Report how many lines in the records that follow have the word "Blue" in them, giving the number and nothing more.

Stored dataset items:
+---+
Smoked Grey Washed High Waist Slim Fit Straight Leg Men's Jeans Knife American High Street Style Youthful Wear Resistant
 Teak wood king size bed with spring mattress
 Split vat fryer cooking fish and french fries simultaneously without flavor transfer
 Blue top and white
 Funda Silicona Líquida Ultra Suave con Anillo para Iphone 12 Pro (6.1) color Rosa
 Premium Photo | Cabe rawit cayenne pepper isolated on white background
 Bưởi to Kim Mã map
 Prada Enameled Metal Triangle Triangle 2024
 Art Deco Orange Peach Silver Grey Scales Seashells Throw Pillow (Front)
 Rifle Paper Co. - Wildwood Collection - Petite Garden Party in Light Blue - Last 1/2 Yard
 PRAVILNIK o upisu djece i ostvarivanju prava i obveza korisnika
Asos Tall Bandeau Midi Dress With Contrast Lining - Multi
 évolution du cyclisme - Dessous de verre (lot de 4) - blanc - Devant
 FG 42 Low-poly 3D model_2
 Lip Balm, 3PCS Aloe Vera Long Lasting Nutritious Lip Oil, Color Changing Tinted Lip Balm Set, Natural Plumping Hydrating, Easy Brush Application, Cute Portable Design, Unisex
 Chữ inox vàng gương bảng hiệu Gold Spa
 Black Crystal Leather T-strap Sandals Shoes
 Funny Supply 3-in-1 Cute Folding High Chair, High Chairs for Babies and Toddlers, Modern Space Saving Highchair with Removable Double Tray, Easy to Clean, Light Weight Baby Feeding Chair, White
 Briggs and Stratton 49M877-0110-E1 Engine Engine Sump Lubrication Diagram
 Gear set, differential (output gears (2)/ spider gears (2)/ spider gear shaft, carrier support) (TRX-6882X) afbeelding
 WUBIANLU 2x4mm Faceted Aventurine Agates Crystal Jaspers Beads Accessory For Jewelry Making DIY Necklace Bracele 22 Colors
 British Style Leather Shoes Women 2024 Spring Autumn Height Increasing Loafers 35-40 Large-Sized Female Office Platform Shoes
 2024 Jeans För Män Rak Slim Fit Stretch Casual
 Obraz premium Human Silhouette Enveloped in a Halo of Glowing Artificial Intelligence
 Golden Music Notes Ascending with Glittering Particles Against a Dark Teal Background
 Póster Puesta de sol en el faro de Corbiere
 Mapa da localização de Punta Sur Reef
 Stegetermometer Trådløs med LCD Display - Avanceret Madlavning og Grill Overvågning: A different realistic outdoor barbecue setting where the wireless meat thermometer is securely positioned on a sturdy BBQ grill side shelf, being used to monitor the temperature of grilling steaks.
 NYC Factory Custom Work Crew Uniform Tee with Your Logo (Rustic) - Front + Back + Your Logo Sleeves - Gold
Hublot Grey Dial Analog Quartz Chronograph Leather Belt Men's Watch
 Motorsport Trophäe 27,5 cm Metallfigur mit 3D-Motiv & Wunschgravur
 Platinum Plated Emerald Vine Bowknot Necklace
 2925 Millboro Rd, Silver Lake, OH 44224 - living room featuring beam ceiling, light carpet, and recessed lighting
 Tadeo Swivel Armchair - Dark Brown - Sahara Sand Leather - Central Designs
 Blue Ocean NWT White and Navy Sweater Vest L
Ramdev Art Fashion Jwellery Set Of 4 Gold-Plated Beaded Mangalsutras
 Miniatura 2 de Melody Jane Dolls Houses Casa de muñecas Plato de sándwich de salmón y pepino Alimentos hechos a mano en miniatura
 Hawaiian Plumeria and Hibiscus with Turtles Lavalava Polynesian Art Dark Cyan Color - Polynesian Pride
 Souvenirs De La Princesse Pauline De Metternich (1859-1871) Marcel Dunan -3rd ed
+---+
**Answer box:**
3